Isaiah 61: 1-4, 8-11

After decades of intimidation, war and finally the total destruction of Jerusalem and then captivity by the Babylonians, every aspect of the personal and social life of God’s people is in shambles.  The people of God are demoralized and resigned to their hopeless circumstances.  But, the preacher feels called by the Lord God to make a startling promise: in short, God will reverse every hopeless aspect of their lives.  Re-energized, he continues, the people of God will re-build out of the ruins in which they now live the beloved City of Jerusalem and many of the lesser cities, too.  These people of despair will, in the future, come to be known as “the planting of the Lord.”  Why will God do these things?  “For I the Lord love justice….”  As reliably as the garden returning after a barren season, “the Lord will cause righteousness to spring up….”   [The Book of Isaiah is cited in the Christian scriptures more than any other book from the Hebrew scriptures than the Psalms.]

  • Psalm 126

The psalmist invokes that time when Jerusalem will be restored.  He uses everyday experiences to confirm the promise of renewal and new life: people who laugh uncontrollably when their fondest dream came true; rivers flowing again after drought.  As reliably as the cycles of nature, “those who sow in tears/in glad song will reap.”

  • I Thessalonians 5: 16-24

Rejoice, pray, give thanks, Paul exhorts.  Do not restrict the Spirit of God when God does the unexpected.

  • John 1: 6-8, 19-28

Because the times for the writer of the Gospel of John is quite different than the synoptic gospels, his treatment of the important historical figure of John the Baptizer is distinctive.  Here the significance of John the Baptizer is parsed carefully.  John is not the Messiah.  Nor is he even the prophet expected before the Messiah, Elijah.  He is not any of the other prophets.  His is “the voice” posited by Isaiah, “crying in the wilderness.”  His cry is singular:  to alert any who will listen that “among you is the Messiah.”

These readings and gospel direct our attention not to anticipation for the birth of Jesus, but to the actualization of what John Caputo calls, “Messianic time.”  In his self-described “Michelin’s guide to Jacques Derrida,”  The Prayers and Tears of Jacques Derrida, Caputo cites “Messiah” or its derivatives on 89 of its 339 pages.  The stakes for “Messianic time” are high.  Caputo writes:

“Messianic time is prophetic time, the time to come, that disturbs the present with the call for justice, which calls the present beyond… itself.  For the most unjust thing of all would be to close off the future by saying that justice is present, that the present time is just…”  (p. 81.  O

On the same page but just before this excerpt Caputo has written:

Justice means doing justice, doing the truth… in order that he might come, in order to bring about messianic time, the epoche of the Messiah.”

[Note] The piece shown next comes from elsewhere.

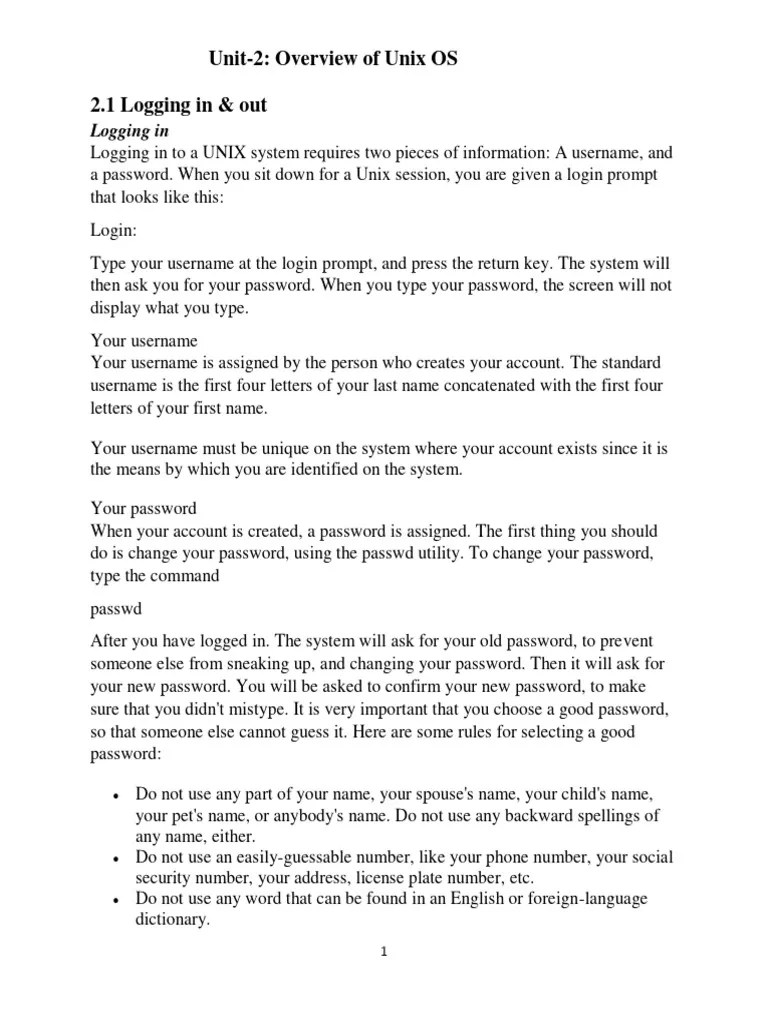 Unit 2 | PDF | Computer File | File System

John’s gospel begins with John the Baptizer daring to announce: “The Messiah is already among you.”  The announcement sets the time of justice in motion.  Isaiah declares that at precisely the  time when God’s people have become resigned to the impossibility of justice, the preacher must announce/remind/initiate/allow/permit/incite a new era, God’s time of justice.  Why?  Because the Lord “loves justice.” 

Caputo concludes:

“…justice is precisely unseeable, and unforeseeable….”  “Justice does not reside high above but settles into the flesh of the least among us, pitching its tent among us.  Justice is not above us but urgently required here and now, even as it is something you press forward to with passion, with prophetic and messianic fire… with a fiercely burning ruah, something with which you must keep faith, the passion of faith….” (p. 338)

Paul warns not to restrict the Spirit.  Let it flow where it will.  Although we never know exactly when or where or how God’s justice will re-assert itself, (just as we never know precisely when it will rain), we announce and work for God’s justice, taking for granted that the parched river bed will once again babble and gush with water. 

Be alert for “messianic time.” Live by “messianic time.”  “The Messiah is already among you.”